Here's the first picture:



the second hand was 'twitching' very slightly.

I pulled the crown out to the second click to adjust the hands and felt a very weird resistance when rotating it - but the hands did move freely and the day/date change over was good.

So, what's lurking inside?

Taking the back off revealed this:



a surprisingly clean movement. The crown/stem was also very clean:



and the tube threads were in good condition:



as is the dial. The lume rot on the hands is 'interesting'


----------



## Sir Alan (Sep 10, 2010)

So, what's wrong?

Here's the lovely movement:



and no obvious signs. So, off with the circuit block:



wow - that's clean.



and nothing obviously wrong with the circuit either.

At this point I suspected either a faulty coil or circuit (I'd already tried a new battery!!).

So, I first swapped in a known working coil (from one of my 7546 movements) and the second hand kept twitching. Then I swapped in the circuit block itself. No difference.

OK, so its not an electrical fault - it must be mechanical.

The next thing I did was to look under the day wheel (I thought I could see some gunge under there) - but when I lifted this everything was pristine.

OK, so time to take the bridge off, and first signs of the problem:



that milky deposit on the underside of the bridge shouldn't be there. There was also evidence of a sticky substance (dried oil?) on the 3rd, 4th and 5th wheels. While I was in there, I lifted the center wheel bridge as well.

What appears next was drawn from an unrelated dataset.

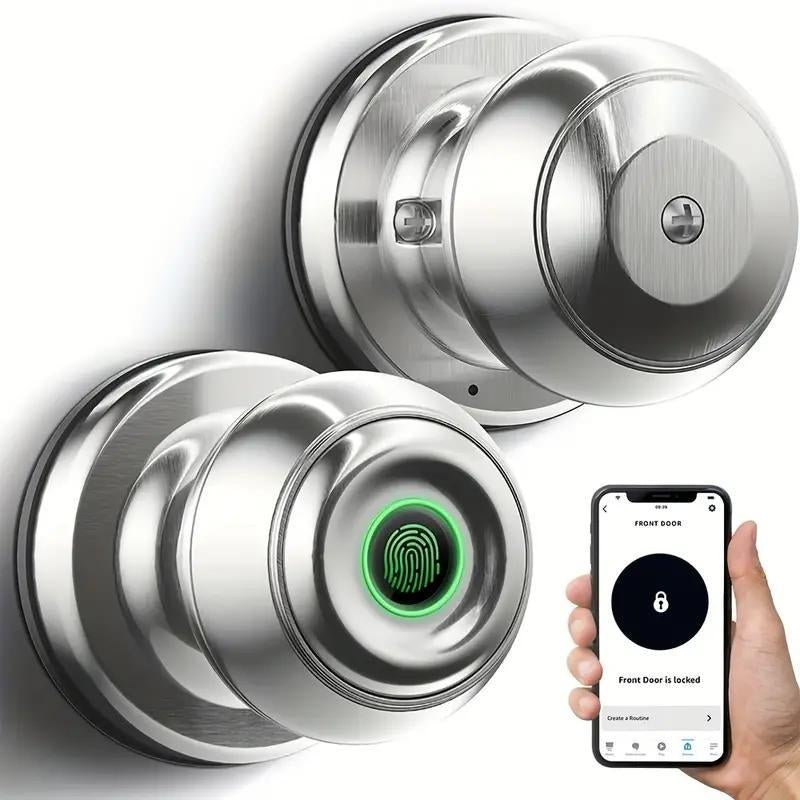 "Smart Fingerprint Door Lock - 3-in-1 Keyless Entry with App Control for Home, Office & Hotel"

also signs on the center wheel.

Everything was cleaned (either in the ultrasonic cleaner or with rodico) and then it was reassembly time.


----------



## Sir Alan (Sep 10, 2010)

Getting the main bridge back on took a couple of attempts. I was just about to get it, then I realised I forgotten to fit the plastic second setting lever. Doh!!

After patiently nudging and directing things there was the wonderfully satisfying point when the last bearing was located and the bridge 'sat down'.



Then it was complete the rebuild and see if it worked. I was really pleased that once I'd lightly fitted a seconds hand and pushed the crown back in it sprang into life. :thumbup:

Next I took a look at the hands.



I had thought of re-luming them, but was worried that the lume wouldn't match the dial and I could easily end up making things much worse.

In the end I opted to clean the hands up as best I could:



there's a consistent patina which I like.

Next I stripped the case and cleaned it up, fitting a new yobokies crystal and re-greasing the bezel gasket, case back gasket and crown gasket.


----------



## Sir Alan (Sep 10, 2010)

And here it is on a Z22:





another save.


----------



## no8yogi (Oct 1, 2012)

Excellent as always sir!


----------



## digibloke (Nov 26, 2007)

I really like that you've kept it as original as possible - I often end up trying to make watches look like new and end up with too many after market parts. This looks ace as it is :thumbup:


----------



## johnbaz (Jan 30, 2005)

Hi

You did a grand job of getting that watch going again- Kudos :notworthy:

I have one too that doesn't work!! I bought it from a bootsale with the promise that 'It only needs a battery'!! I think they'd tried it and knew that it wouldn't go!!!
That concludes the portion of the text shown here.